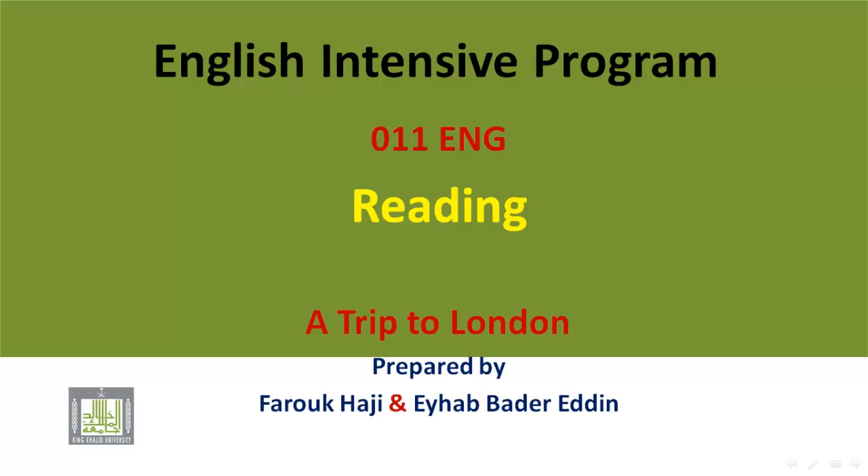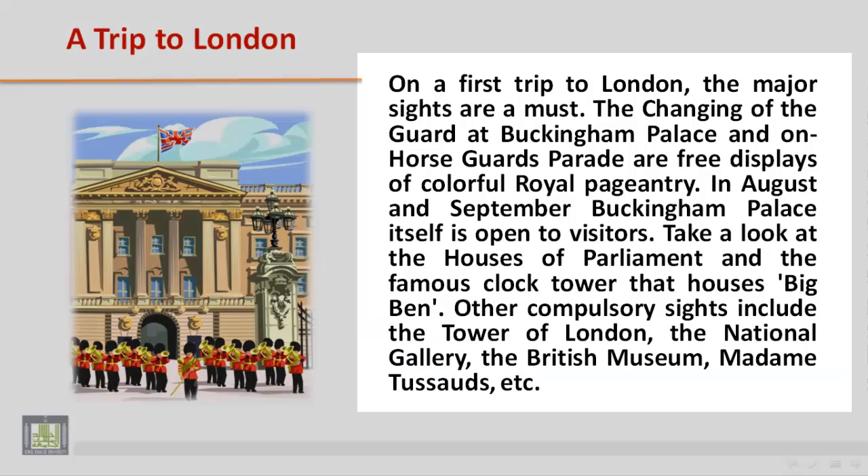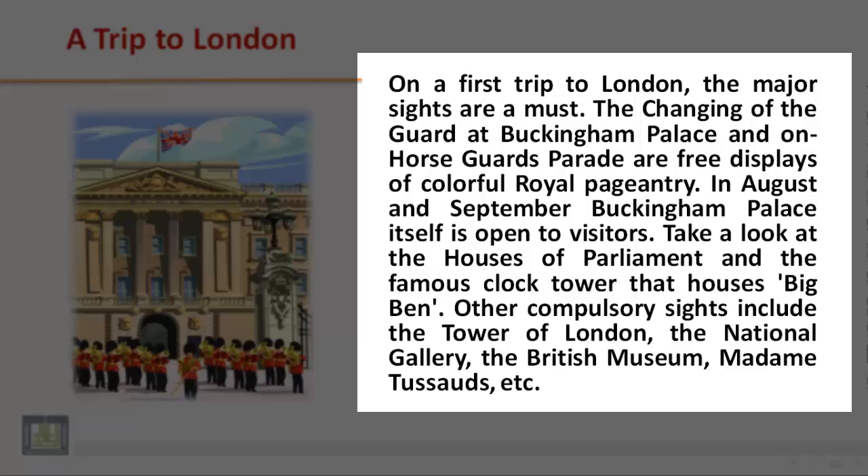English Intensive Program 011: Reading — A Trip to London. On a first trip to London, the major sights are a must. The changing of the guard at Buckingham Palace and on Horse Guards Parade are free displays of colourful royal pageantry. In August and September, Buckingham Palace itself is open to visitors.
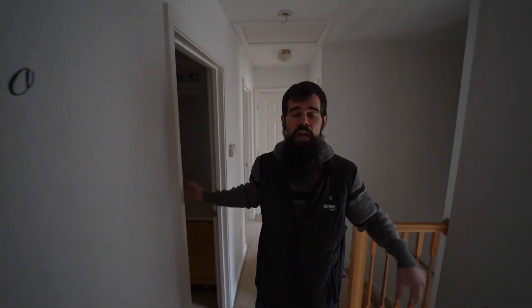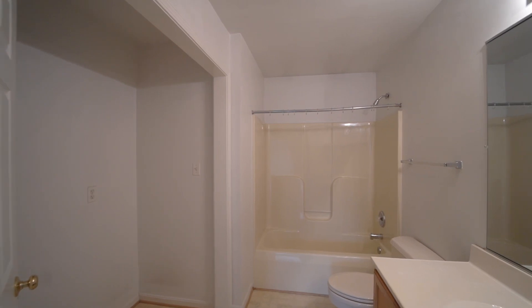Upstairs on the bedroom level, you've got two great rooms behind me, another one here, a huge hall bathroom with a giant closet. Check out this master.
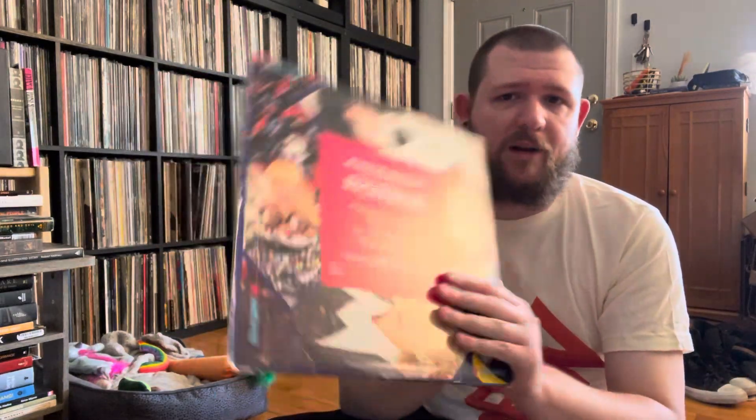This is the 12-inch for 'Be Near Me' from ABC's 'How to Be a Zillionaire' album. Of all the ABC 12-inches, this is the one I see the most, which is why I never sprung quickly on picking it up, but I found this in the dollar bin. It has the Munich mix, the Ecstasy mix, and 'What's Your Destination,' which is sort of bonus beats. Black Mercury label. Love ABC — one of my all-time favorite 80s bands. I love all their 12-inch mixes. I have the first four albums but none of their 12-inches, so I'll probably pick up more as I see them.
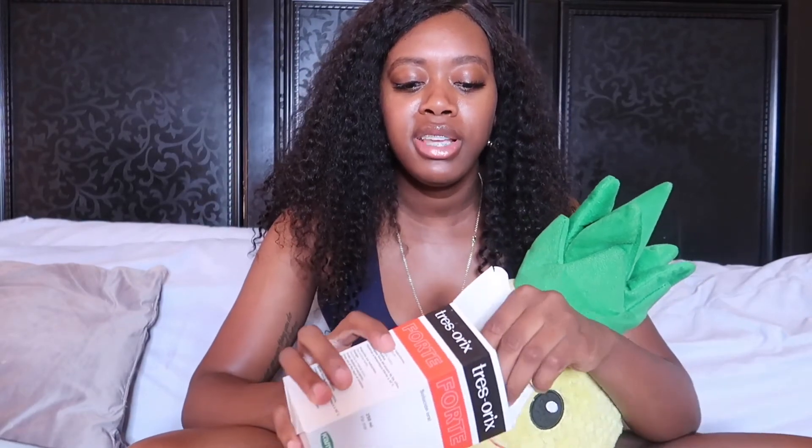The third and final point is pricing. At my vitamin shop, Apetamin is thirty dollars and Tres Orix Forte is forty dollars — a ten dollar difference. However, I have gotten Apetamin on eBay, two bottles for forty dollars, so if you're looking for the cheaper route, Apetamin is the way to go. They both give really great results for weight gain. I ended up trying Tres Orix because due to COVID-19, the vitamin shop wasn't getting Apetamin shipments.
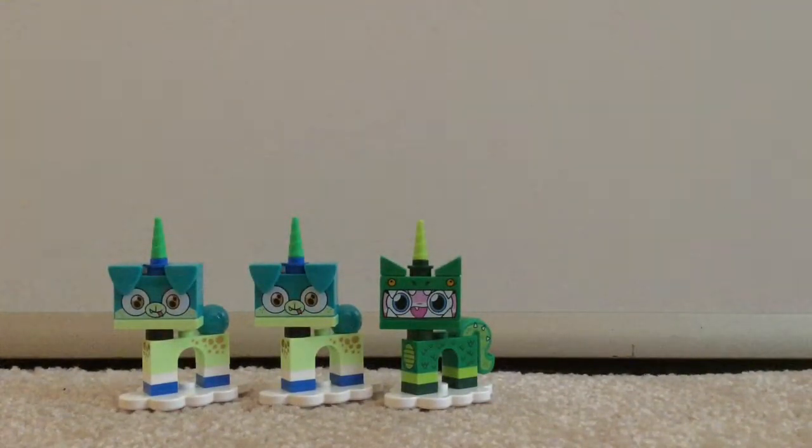And this might be it for my Unikitty zone. Next time I'll do Harry Potter, or maybe more Unikitty, or some other third thing. So stay tuned. I hope you guys enjoyed this video, and I'll see you in the next one.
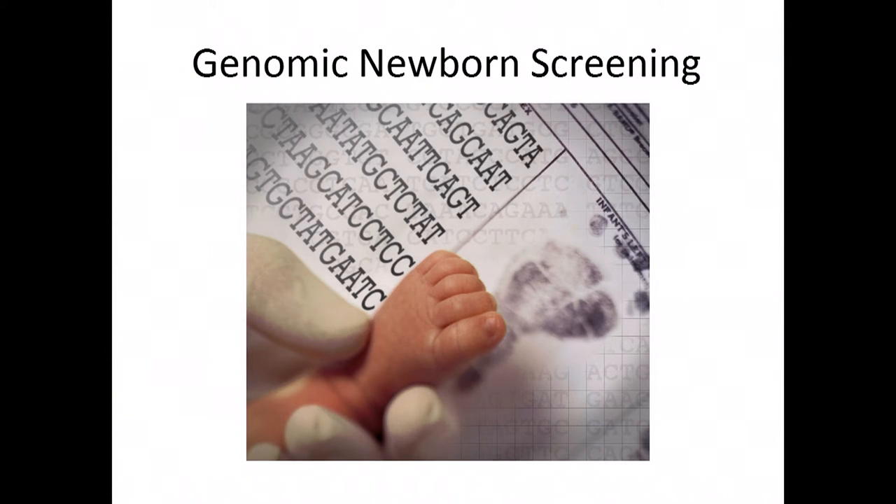NHGRI is funding pilot projects to explore whether sequencing should be the basis of newborn screening instead of analyte testing. In principle, sequencing could detect any genetic disorder, vastly increasing the scope. However, it comes at a price — beyond cost, there are all the things you may find that are not clearly medically actionable and whose natural history is not known. The funded projects aim to explore the utility of this approach, its acceptance, and compare it to the long-established standard.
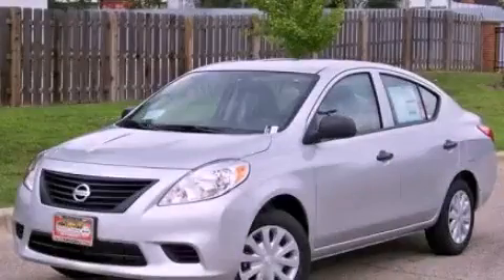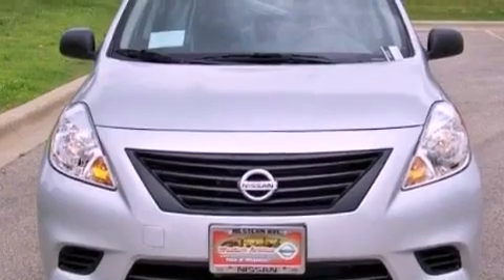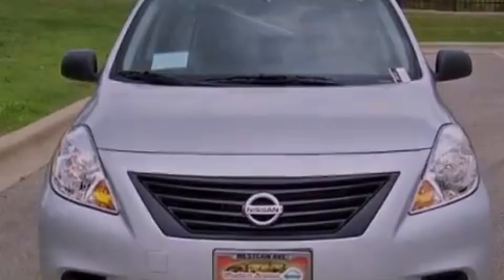This is a brand new 2013 Nissan Versa. It has a 1.6-liter four-cylinder engine and a continuous variable transmission.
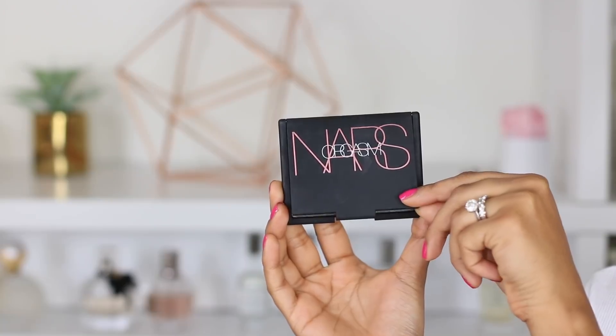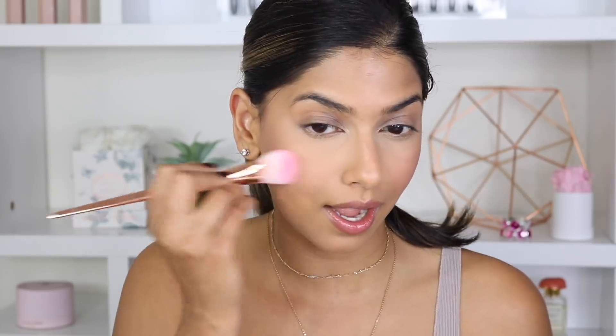Now it is time to use the one product that completely inspired the Orgasm Collection: the NARS Orgasm Blush. I've been using this a lot recently — I also have the normal size, but this is the super size for the collection. This blush works for all different skin tones. It's super subtle on mine, but if you build it up it looks so natural and beautiful. It has this gold duochrome finish, so it's almost like a highlighter and blush in one for my skin tone.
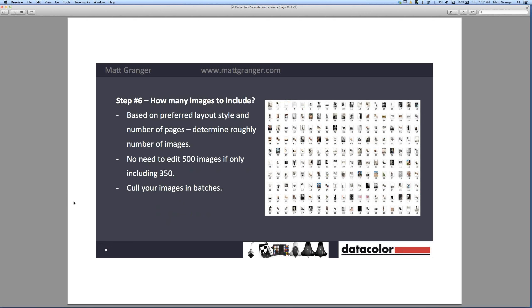Step six: how many images should you actually include? Now that you've got your specs organized and say you've decided on a 200-page book, are they all going to be full-page images, or are you putting several images on a single page? That'll give you an idea of how many images to include. For me, I felt I could fit around 300 to 350 images in Private Bodies. There's no need to do specific editing and retouching on 500 shots if only 350 are going to be in it — that's days of extra time that could be better used.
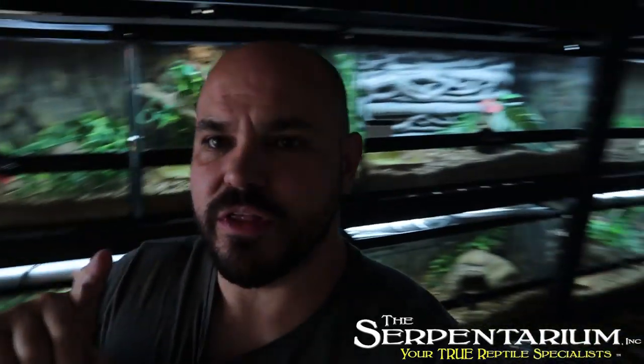What is going on guys, we are back today for another video. Today we are in Richardson, Texas at the Serpentarium. The Serpentarium is one of the largest reptile stores in the Dallas area — this particular one is in Richardson, which is just a suburban area north of Dallas.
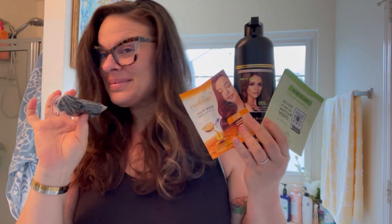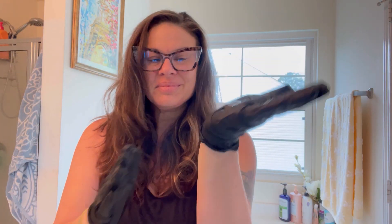At my age, the gray is everywhere. I think it's time for a change. This is the Herbishh Color Shampoo. It's a no mess, no fumes, and it covers up my hair, not my scalp.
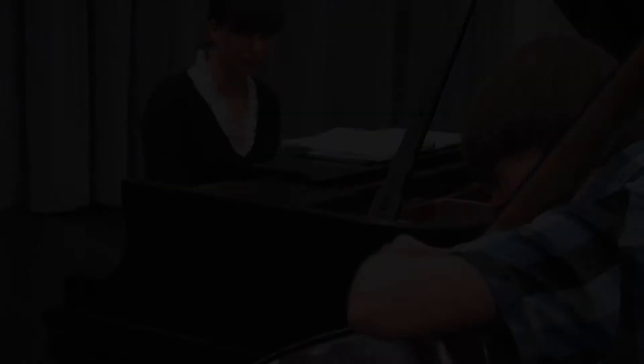Pamela comes from a classical background, so it's been exciting to see her take these great skills that she has at the piano and build some jazz language and some interesting harmonies and different rhythmic concepts in her playing.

--

# What is needed
Write out exactly the lines of the material above, starting with the first and finishing with the line that contains "NHGRI is funding", without pictures.

# Solved exercise
English Intensive Program 011: Reading — A Trip to London. On a first trip to London, the major sights are a must. The changing of the guard at Buckingham Palace and on Horse Guards Parade are free displays of colourful royal pageantry. In August and September, Buckingham Palace itself is open to visitors.
Upstairs on the bedroom level, you've got two great rooms behind me, another one here, a huge hall bathroom with a giant closet. Check out this master.
This is the 12-inch for 'Be Near Me' from ABC's 'How to Be a Zillionaire' album. Of all the ABC 12-inches, this is the one I see the most, which is why I never sprung quickly on picking it up, but I found this in the dollar bin. It has the Munich mix, the Ecstasy mix, and 'What's Your Destination,' which is sort of bonus beats. Black Mercury label. Love ABC — one of my all-time favorite 80s bands. I love all their 12-inch mixes. I have the first four albums but none of their 12-inches, so I'll probably pick up more as I see them.
The third and final point is pricing. At my vitamin shop, Apetamin is thirty dollars and Tres Orix Forte is forty dollars — a ten dollar difference. However, I have gotten Apetamin on eBay, two bottles for forty dollars, so if you're looking for the cheaper route, Apetamin is the way to go. They both give really great results for weight gain. I ended up trying Tres Orix because due to COVID-19, the vitamin shop wasn't getting Apetamin shipments.
And this might be it for my Unikitty zone. Next time I'll do Harry Potter, or maybe more Unikitty, or some other third thing. So stay tuned. I hope you guys enjoyed this video, and I'll see you in the next one.
NHGRI is funding pilot projects to explore whether sequencing should be the basis of newborn screening instead of analyte testing. In principle, sequencing could detect any genetic disorder, vastly increasing the scope. However, it comes at a price — beyond cost, there are all the things you may find that are not clearly medically actionable and whose natural history is not known. The funded projects aim to explore the utility of this approach, its acceptance, and compare it to the long-established standard.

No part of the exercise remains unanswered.